Savage Road (Torpedo Ink 7) - Page 69

She’d recognized early that she had a dark side but had never considered that she could go as far as Savage was taking her. She also knew it wasn’t nearly as far as they needed to go, and she was scared. She was afraid of herself, and she was afraid of him. She had reason to be. She had been slowly building up to this moment, terrified of what was inside her, trying to work it out but unable to reconcile who she thought she should be with who she was becoming.

Tears ran down her face, but she tried to be very quiet, to keep the fact that she was crying from him. He carried her straight through the house to their bed, and instead of putting her down, he sank onto the bed, holding her in his lap.

“Look at me, baby.”

She shook her head. “I can’t, Savage. Not yet.”

“We’re in this together, remember?” He kissed her neck and then the shell of her ear. “We can do this if we’re together. We can figure anything out. You never put judgment on me. I don’t put it on you. Look at me, Seychelle. Please.”

A little of the tension eased out of her body, and one of her hands, the one in her lap, curled over his biceps. Her fingers shook a little, but at least she reached out to him. Her head turned, and he was looking into her liquid eyes.

“You’re so fuckin’ brave, woman. I know this scares you, baby, and yet you still hang in there with me.” He brushed several gentle kisses on her lips. Asking nothing from her. Giving comfort. Needing her to relax into him. “I want you to listen to me very carefully. I mean every single word I say to you. I love you with everything in me. Just as you are. Exactly as you are. I’m taking you down this path, baby, but you don’t have to go any further. We’re good right here. Or we can back the hell up to where you’re more comfortable. I’ll be fine with that.”

She frowned and shook her head. “Savage.” A little protest.
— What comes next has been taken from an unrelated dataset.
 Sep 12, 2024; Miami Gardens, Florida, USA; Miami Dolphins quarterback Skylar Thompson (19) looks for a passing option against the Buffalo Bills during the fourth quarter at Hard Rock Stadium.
Weak. Resisting him but not really.

He had no idea what he was going to do when the bad times came, but he wasn’t going to have his woman ashamed or hating herself. He knew what that was like. He loved her and wanted her happy. Being confused was one thing, ashamed was something altogether different.
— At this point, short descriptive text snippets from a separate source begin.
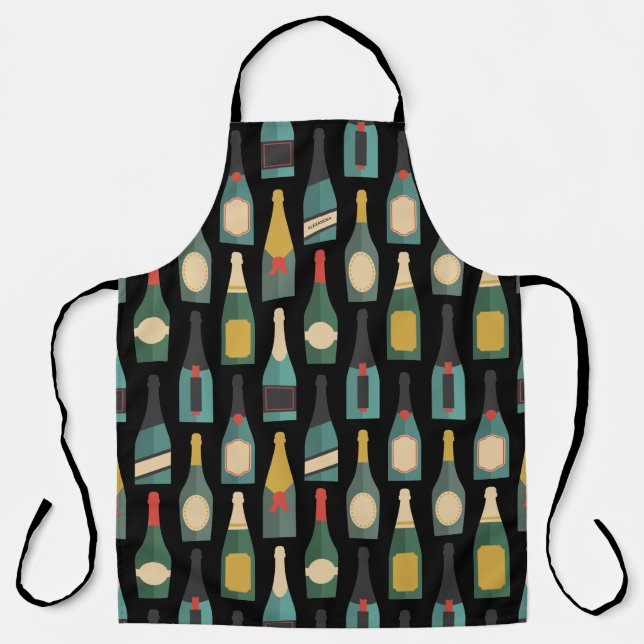 Tablier Bouteilles de vin Personnaliser noir (Recto)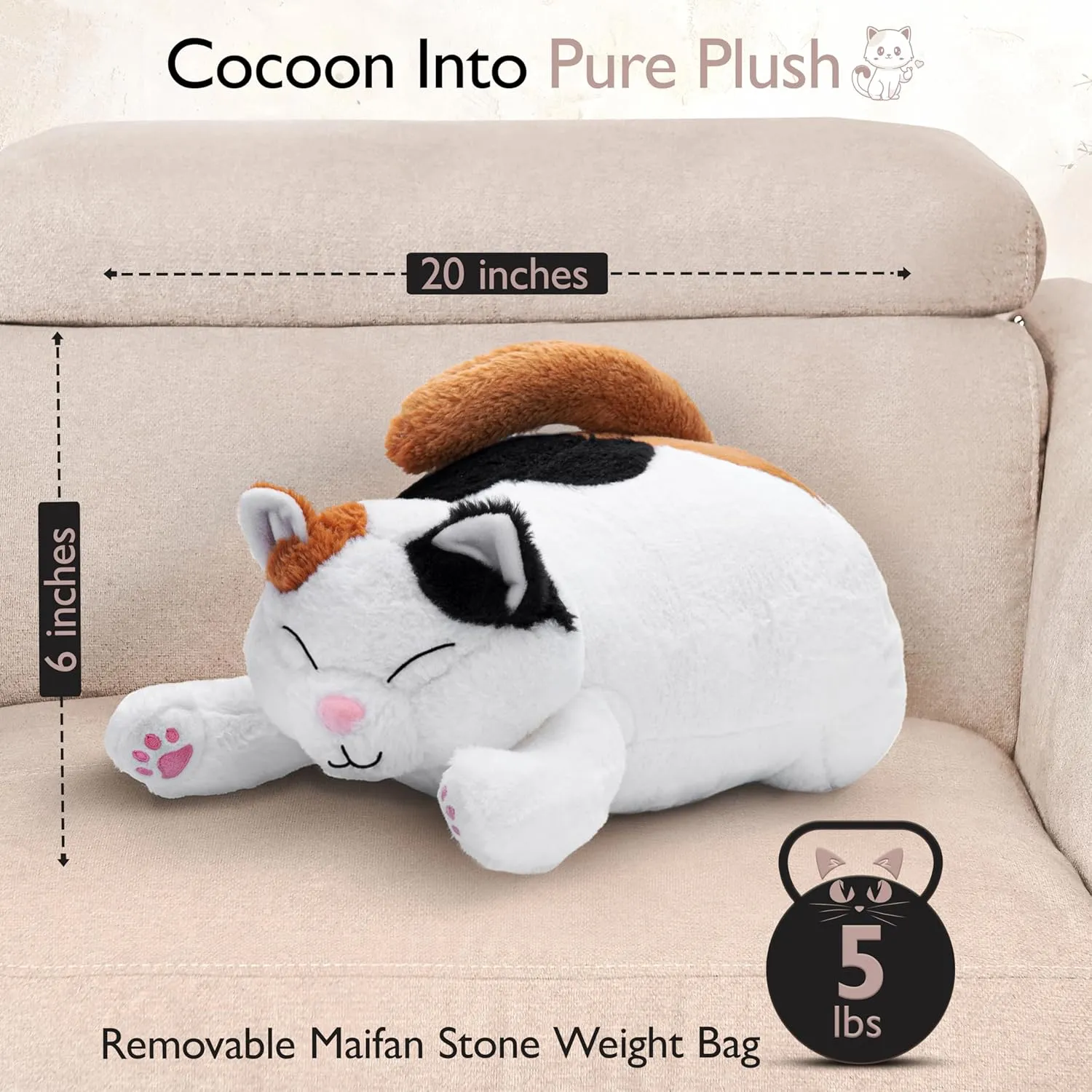 Weighted Stuffed Animals 20" | 5 lbs Calico Cat Plush for Calming Cozy Comfort | Large Weighted Stuffed Animal for Anxiety | Soft Microwavable & Coolable for Sensory Needs & Stress Relief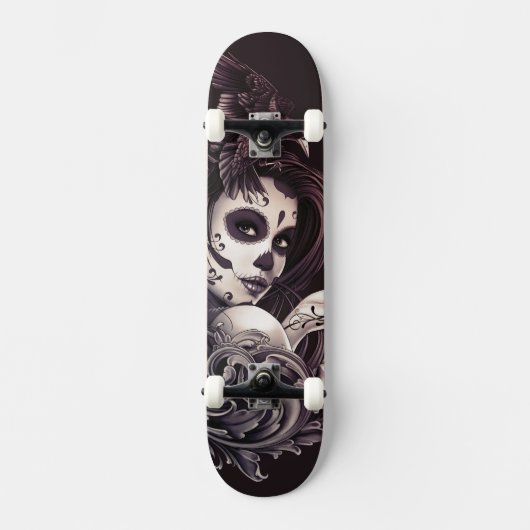 Skateboard Fille de crâne de sucre de style de tatouage avec (Recto)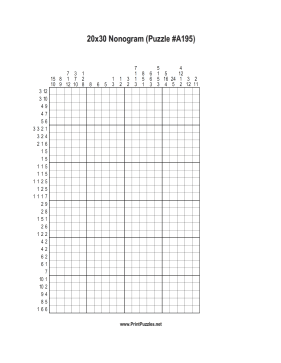 Nonogram - 20x30 - A195 Printable Puzzle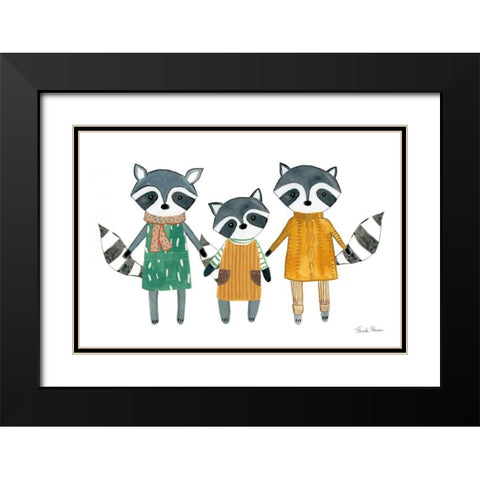 Neighborhood Pals X Black Modern Wood Framed Art Print with Double Matting by Zaman, Farida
“I’m a fuckin’ sexual sadist, baby. That’s what I am. I’m always going to be that, so I’m always going to look for the next level. A little pain turns you on, and that’s a good thing for us, but this is my thing, not yours. We both know that.”

He brushed his lips over hers several times more and then took the tears from her face, his belly in knots. He wanted her tears, but not from shame. Not from humiliation. Not unless she wanted that kind of thrill, which Seychelle wasn’t into, and quite frankly it didn’t do a damn thing for him, but he’d give her whatever the hell she wanted if it brought her pleasure.

“I think pain is my thing, Savage, and it scares me. It really does. I don’t understand it at all. How could I like it? It hurt like hell at first. It was pure agony. Excruciating. I wanted to stay still so I could do it for you. I really love taking the pain for you. Seeing you get excited. It makes me feel …” She broke off. “But then suddenly something else happened. I suddenly was so turned on it was sick.”

“Babe, I was manipulating you. Using my voice, my hands. That’s what I do. I’m training you to like what I do to you, to confuse your body so you associate pain and pleasure together. You reacted exactly the way you were supposed to react.”

She nestled into him. “I was already slick and feeling desperate for you.”

She made the confession in a low voice, but she didn’t look away from him. That was good. Her trust in him was back. He held her close to him, brushing soothing kisses along her cheek and shoulder.

“Because you were taking the cane for me. You could see how hard you made me, Seychelle. I made certain you knew you were pleasing me. You need to please me. That’s part of your personality. A good part of it. Don’t you think I know that? That I take advantage of that when I’m training you?”

“I wanted you to cane me. With each strike the craving got worse and I became even more frantic for you to fuck me. I thought I might die if you didn’t. But it doesn’t make sense when there was so much pain involved.”